Information provided:
+ + + +

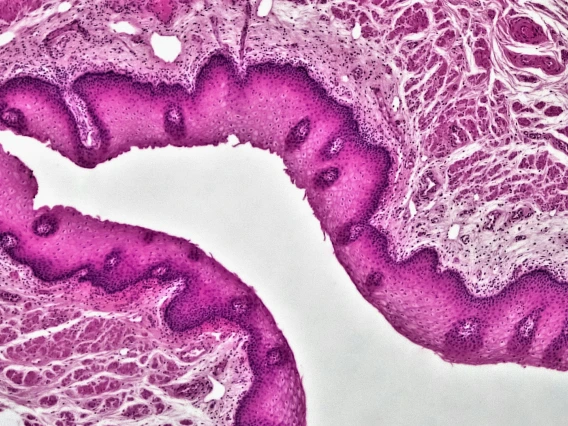 histopathology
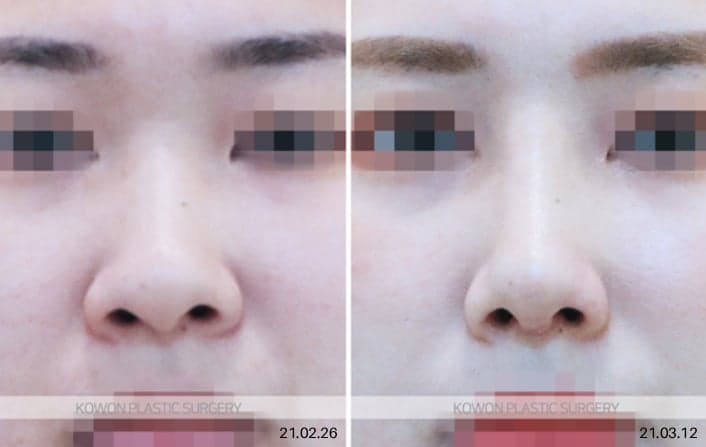 코끝연골묶기, 복코도 묶기만으로 충분할까 — 가능한 구조와 부족한 구조 관련 이미지 8/8
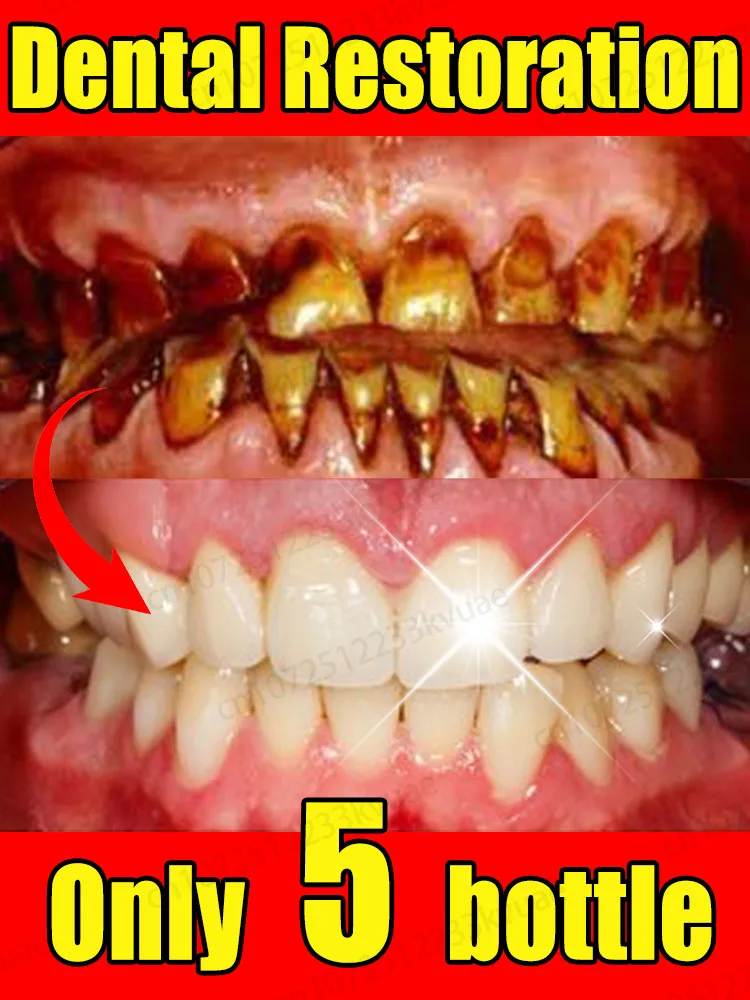 Clean teeth and solve tooth decay at one time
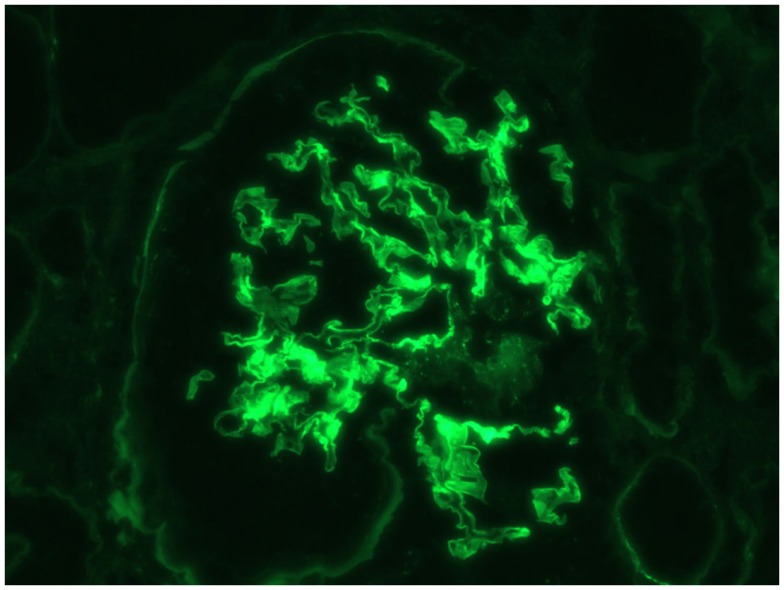 Anti-gbm antibody disease: immunofluorescence linear staining of igg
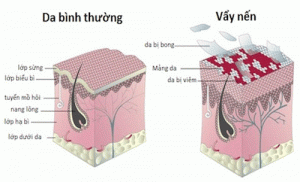 Triệu chứng thường thấy của bệnh vảy nến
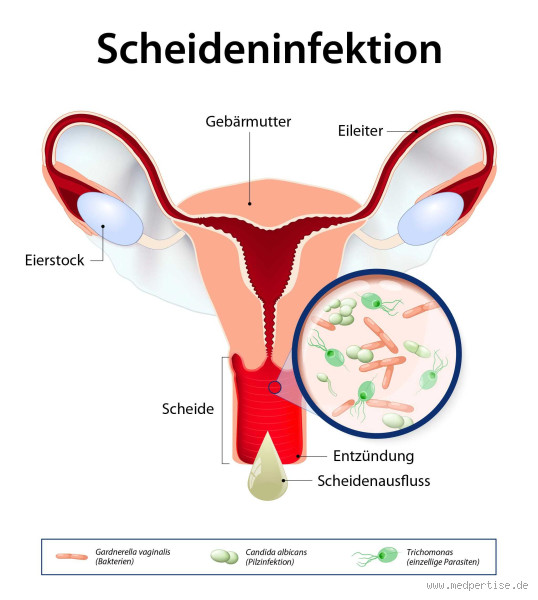 Kann eine Scheidenentzündung von selbst heilen? Alles, was du wissen musst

+ + + +

Task directions: Without the pictures, reproduce every record exactly as it appears above.

Response to this exercise:
 histopathology
 코끝연골묶기, 복코도 묶기만으로 충분할까 — 가능한 구조와 부족한 구조 관련 이미지 8/8
 Clean teeth and solve tooth decay at one time
 Anti-gbm antibody disease: immunofluorescence linear staining of igg
 Triệu chứng thường thấy của bệnh vảy nến
 Kann eine Scheidenentzündung von selbst heilen? Alles, was du wissen musst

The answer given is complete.